Heat will distort metal. You don't even need welding / brazing temperatures.

4. 8020 construction, for more $.
5. Baltic Birch plywood construction (for most parts) for less $. A strategic design can give a pretty stiff main structure, especially for a moving table config, and it's easy to build. The Y car, Z car, and a few other components need to be metal because the loads are too concentrated on them.

Baltic Birch is a good low cost construction material as are some of the other laminated sheet goods out there. Steel can be had pretty cheap though if you have a vendor that sells drops by the pound. At onetime I was picking up drops for a buck a pound. It is always a good idea to avoid retail for machine components if one can.

They can all work -- personal preference, how you like to work, and what tools you have available.

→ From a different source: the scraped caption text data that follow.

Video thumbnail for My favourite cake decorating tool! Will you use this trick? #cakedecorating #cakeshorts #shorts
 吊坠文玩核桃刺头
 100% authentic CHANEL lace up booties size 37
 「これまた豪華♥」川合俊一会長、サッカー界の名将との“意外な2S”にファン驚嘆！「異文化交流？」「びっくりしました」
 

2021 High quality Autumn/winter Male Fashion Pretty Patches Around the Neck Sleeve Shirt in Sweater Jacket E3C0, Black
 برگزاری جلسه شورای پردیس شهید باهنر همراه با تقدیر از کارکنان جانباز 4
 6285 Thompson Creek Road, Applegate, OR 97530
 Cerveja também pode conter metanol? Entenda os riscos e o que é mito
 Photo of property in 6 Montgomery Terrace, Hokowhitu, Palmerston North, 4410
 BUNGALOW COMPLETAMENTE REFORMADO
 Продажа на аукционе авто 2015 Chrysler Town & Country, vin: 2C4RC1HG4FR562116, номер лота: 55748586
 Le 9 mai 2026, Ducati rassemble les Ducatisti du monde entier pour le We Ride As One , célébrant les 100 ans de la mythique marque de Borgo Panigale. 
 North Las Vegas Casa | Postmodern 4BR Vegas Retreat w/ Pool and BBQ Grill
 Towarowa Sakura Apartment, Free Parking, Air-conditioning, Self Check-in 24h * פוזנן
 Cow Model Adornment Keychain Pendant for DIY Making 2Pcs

One shouldn't underestimate how much easier these builds can be with the right tools. I do believe after being a member of CNCZone for a long time that many have an unnatural fear of working with steel. No material is perfect but if you have a drill press that you drill holes in wood or aluminum you also have a drill press to drill steel. Same thing goes for a handheld drill, you just need a bit more muscle and need to sharpen the bits more often.

The big problem with steel or aluminum for that matter, is cutting the materials square and precisely to length. It doesn't matter if you have a bolted together structure or welded one if you start out with your materials square and to length you have less work down the road to align everything. If your home shop doesn't have the ability to cut the materials properly then enlisting a shop to help makes sense. With Aluminum extrusions you do have the ability to order stuff cut to length, finding a machine shop for steel components cut to order takes a bit more effort.

[dmalicky]

Great advice by wizard, as usual.

>>Distortion over time is a reality. One machine manufacture I knew of left iron castings to weather outside over the winter. That gave the castings time show any defects and to relax the stresses.
Yeah, I've heard it called seasoning -- supposed to be done for any precision-machined casting (or a furnace relief). Of course, most of the low-end machines skip it, which is part of why they have a limited lifetime!

>>A torch might work if you have a smaller object but for a larger machine components you really want to heat the entire structure evenly.
Yes, a slow furnace relief is the only way to be sure.

>>Heat will distort metal. You don't even need welding / brazing temperatures.
Agreed on distortion. The harder question is about the residual stresses. With welding, steel melts around 2600F and the weld arc is extremely concentrated -- both of these create very high temp gradients. The short duration causes quick cooling. Both of those create the high residual stresses in welding.
A brazing torch by nature is much slower and more distributed heat, and much slower cooling. Some silver braze alloys melt around 900F. Both of those create much lower residual stresses. But yes, they will still be present, and so I agree it's riskier than room temperature options.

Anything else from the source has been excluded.